══ Records for this exercise
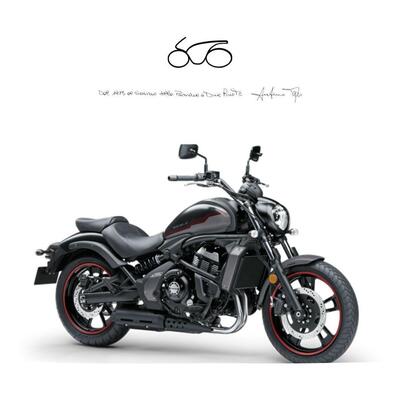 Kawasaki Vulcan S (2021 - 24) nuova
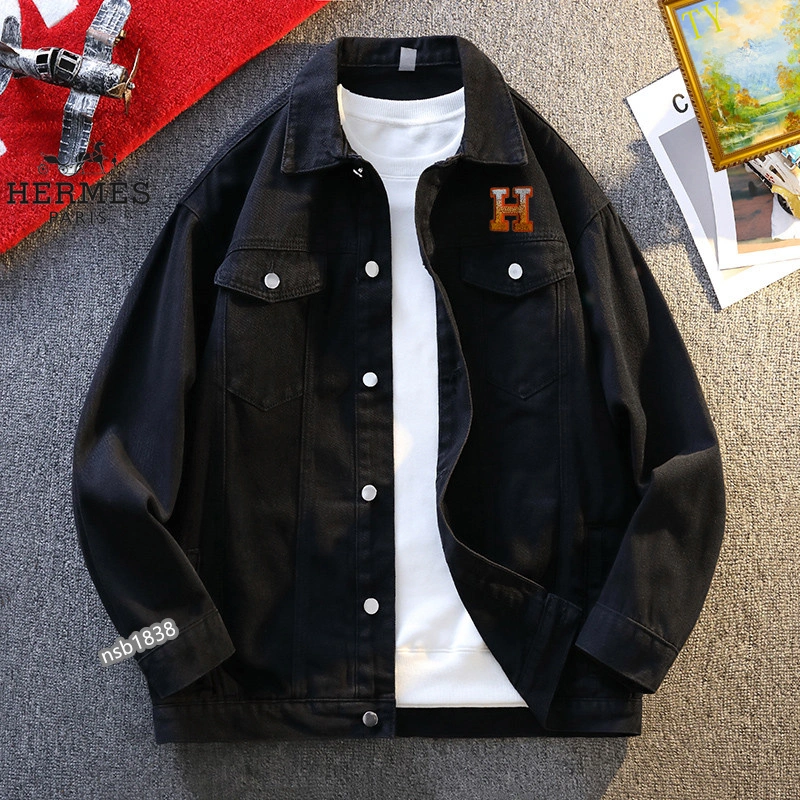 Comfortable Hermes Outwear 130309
════
══ Records for this exercise
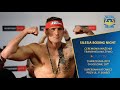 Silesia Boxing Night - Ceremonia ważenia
════
Leaving out all pictures, set down exactly the lines of the material above, from the line with "Kawasaki Vulcan S (2021 - 24) nuova" to the line with "Comfortable Hermes Outwear 130309" inclusive, and no others.

 Kawasaki Vulcan S (2021 - 24) nuova
 Comfortable Hermes Outwear 130309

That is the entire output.